> Exercise: What is wanted is every line below from the one with "náboj zadní bez" up to and including the one with "Torras - Zdrowa", retyped exactly, pictures excluded, nothing else.

╭─ Extracted material

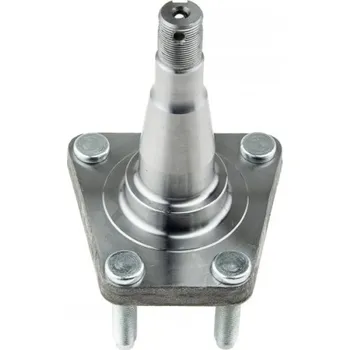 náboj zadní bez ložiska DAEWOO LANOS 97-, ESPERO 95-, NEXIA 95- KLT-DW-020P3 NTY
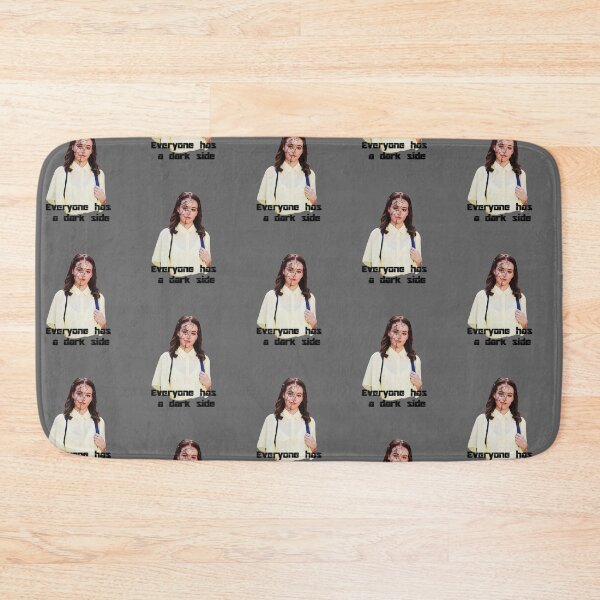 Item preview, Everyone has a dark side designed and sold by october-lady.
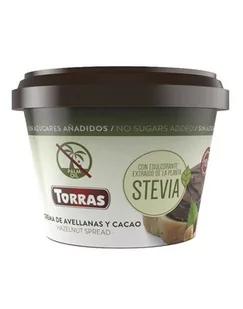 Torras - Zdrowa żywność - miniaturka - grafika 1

╰─
╭─ Extracted material

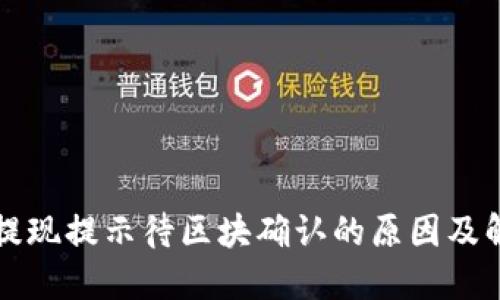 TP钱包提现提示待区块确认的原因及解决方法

╰─

> Answer box:
 náboj zadní bez ložiska DAEWOO LANOS 97-, ESPERO 95-, NEXIA 95- KLT-DW-020P3 NTY
 Item preview, Everyone has a dark side designed and sold by october-lady.
 Torras - Zdrowa żywność - miniaturka - grafika 1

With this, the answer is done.